Hmmm this is an interesting question as it doesn’t specify what type of love. I could tell you about the young girl that was entirely in love with her Dad that she followed him everywhere. Or about my first and only dog, Spade, an old English sheep dog that came too us wrapped up inside my Dad’s coat a tiny bundle of fur that was apparently a heinz 57 (cross breed) and was never going to grow any higher than your knee…this was not true! I could tell you about my first male best friend who I loved so very dearly or, or I could tell you about the first boyfriend that I fell in love with. My biggest concern about talking about first love is that somewhere over the years we romanticize these things, we make the bare ugly truth, beautiful.
Still, here goes. I suspect I was maybe 14 at the time. The very first time I met him was late on a Friday night, I was getting ready to go out to a nightclub (yeah yeah I know I was underage!) when the doorbell went. It was another male friend, I invited them in, I was home alone at the time and we sat in the living room chatting. I was wearing a long black dress and asked if *first love would mind doing it up at the back for me. We flirted innocently. He had long hair that he wore tied back, he was 16 maybe 17 and working at the local amusements. I don’t know what happened next. I think the next day he turned up at my place alone, we chatted and before I knew it he was becoming something to me.
We went out together for about 6 months.
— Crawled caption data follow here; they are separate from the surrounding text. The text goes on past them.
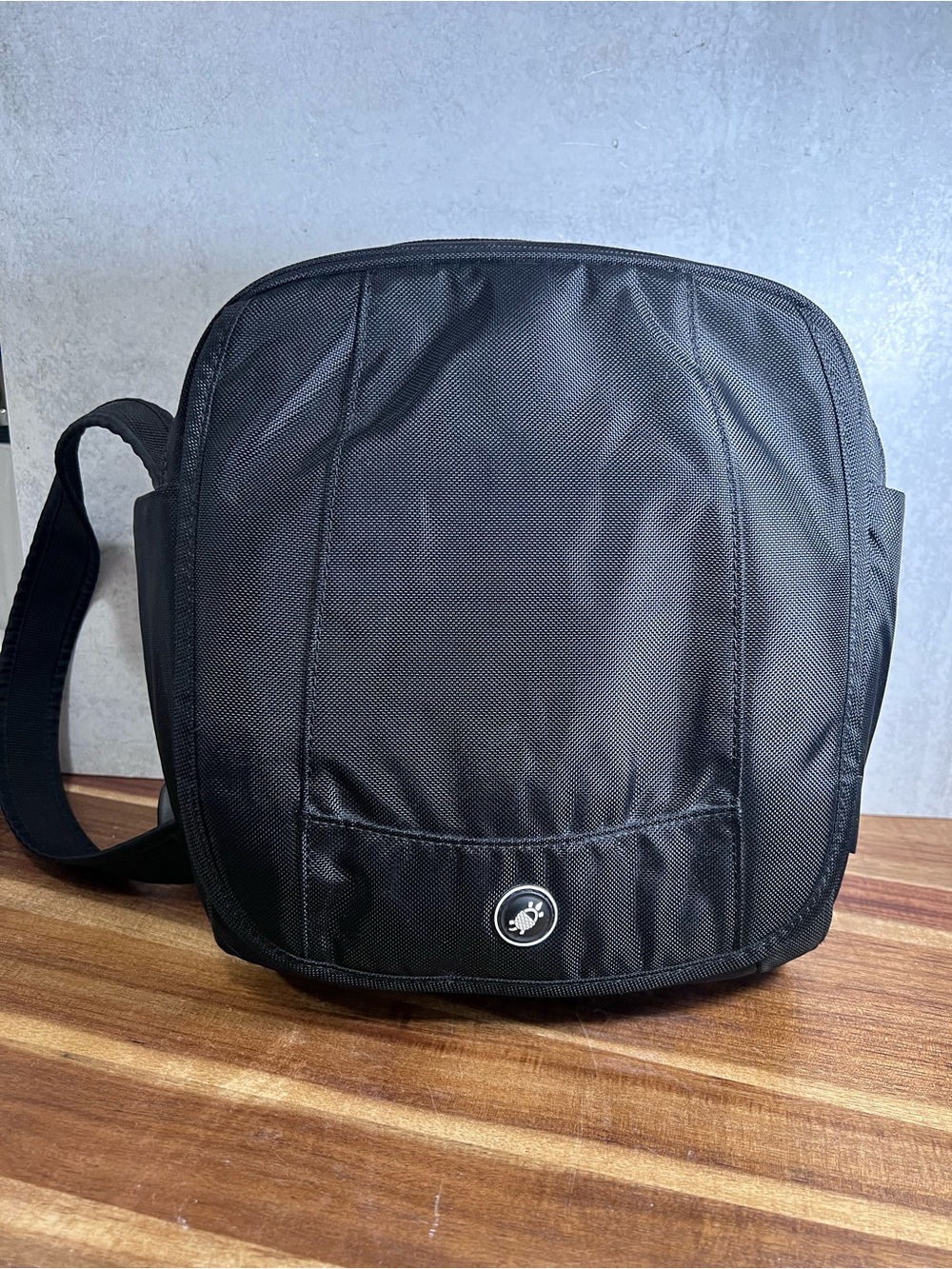 Pacsafe Metrosafe 200 GII Crossbody Travel Bag Anti Theft RFID Black EUC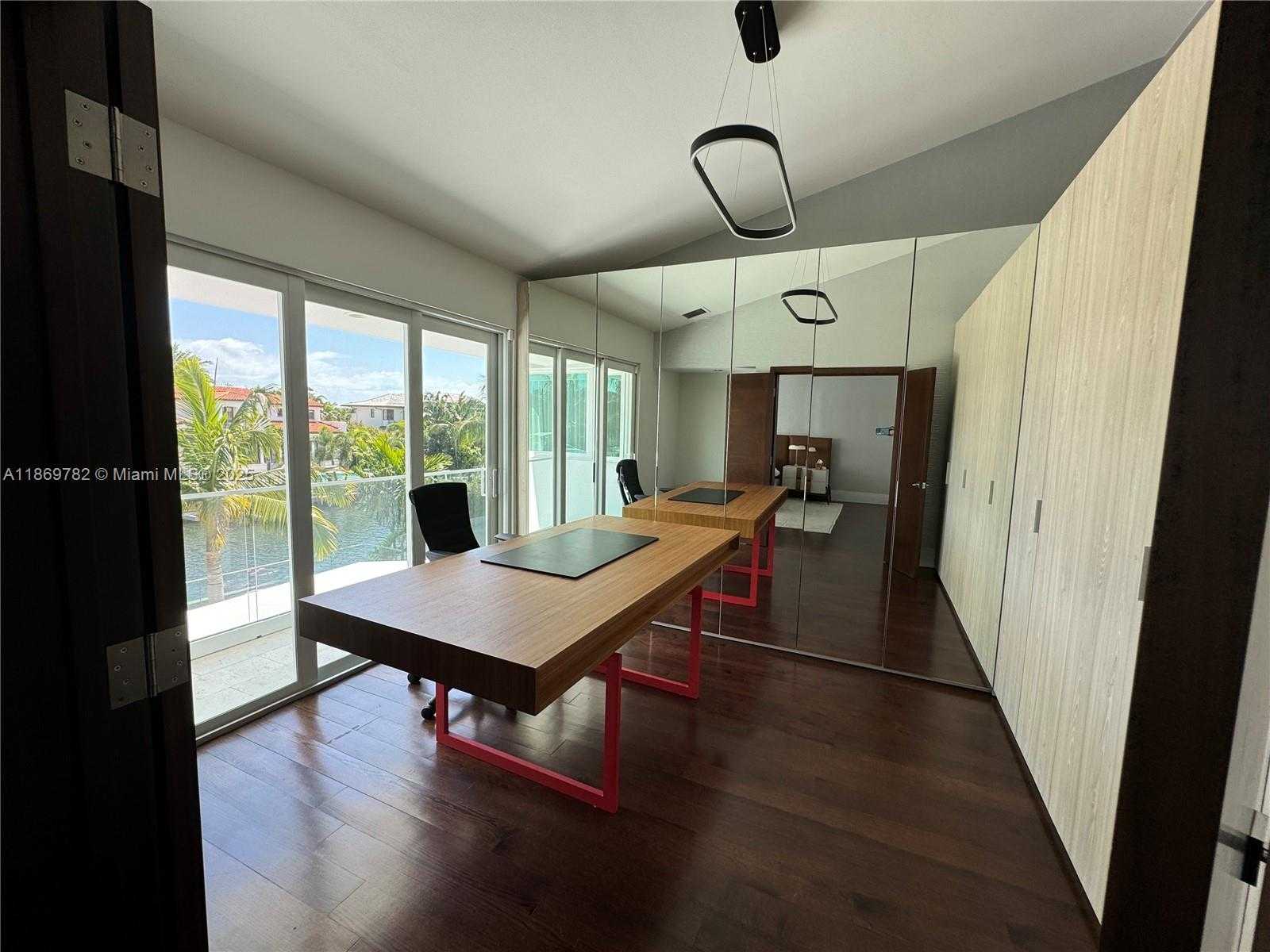 Small Image of 6819 SUNRISE PL, Coral Gables Number 29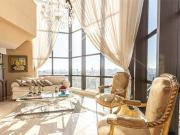 DUPLEX COM 4 SUÍTES NO BATEL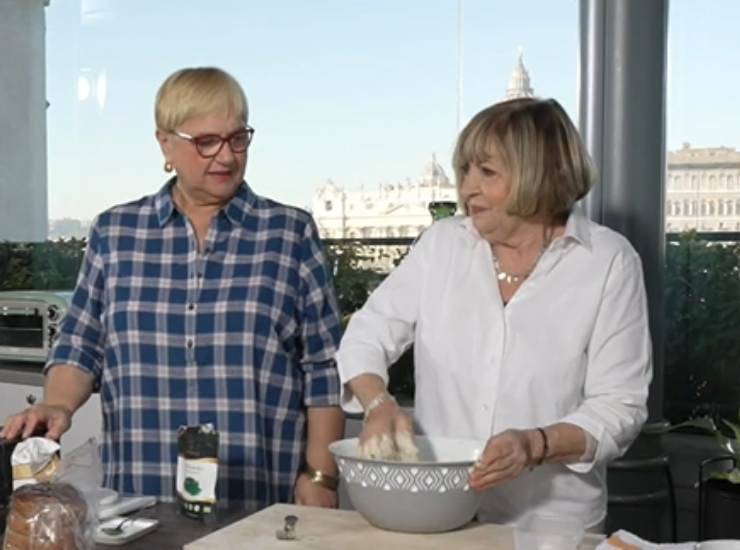 Foto di Senti che fame! Nonna pensaci tu. Pane della mezz'ora della chef Anna Moroni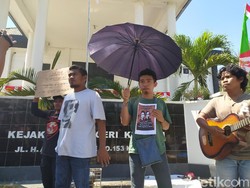 Mahasiswa Gelar Aksi di Kejari Kendari Kawal Sidang Tewasnya Randy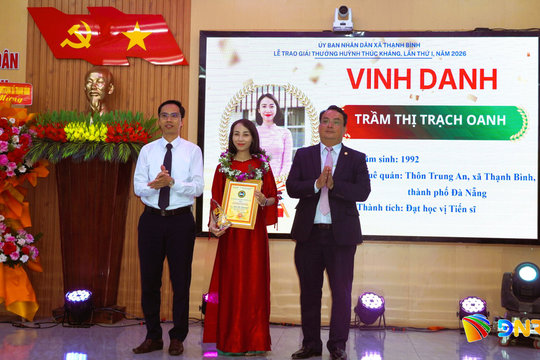 Xã Thạnh Bình trao giải thưởng Huỳnh Thúc Kháng cho 42 học sinh, sinh viên xuất sắc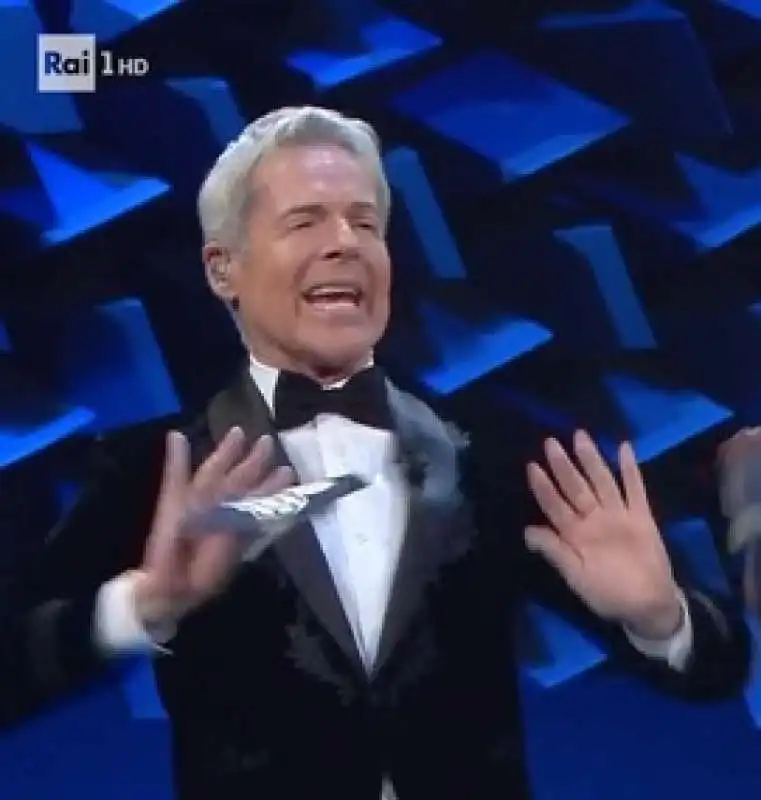 baglioni imita costanzo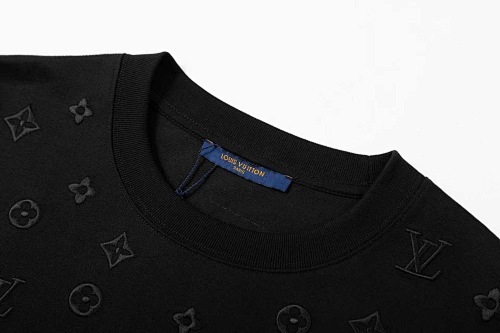 LOUIS VUITTON 新作プリントクルーネックTシャツ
We got on very well and very rarely argued. For some reason finding words to describe him is hard, it’s like I have a private stash of them but they are protected. I protect them because the relationship was perfect, and even now we are still friends. I say perfect not because the relationship was all daisies and glitter, but because it was honest. When the day came when we realised we were too young to settle we were honest and we cut each other free. Not the easiest thing to do and over the first week of our seperation there were a lot of tear and confusion (he would finish work and appear at my door, forgetting we were no longer together. But it’s that honesty that has always stayed with me.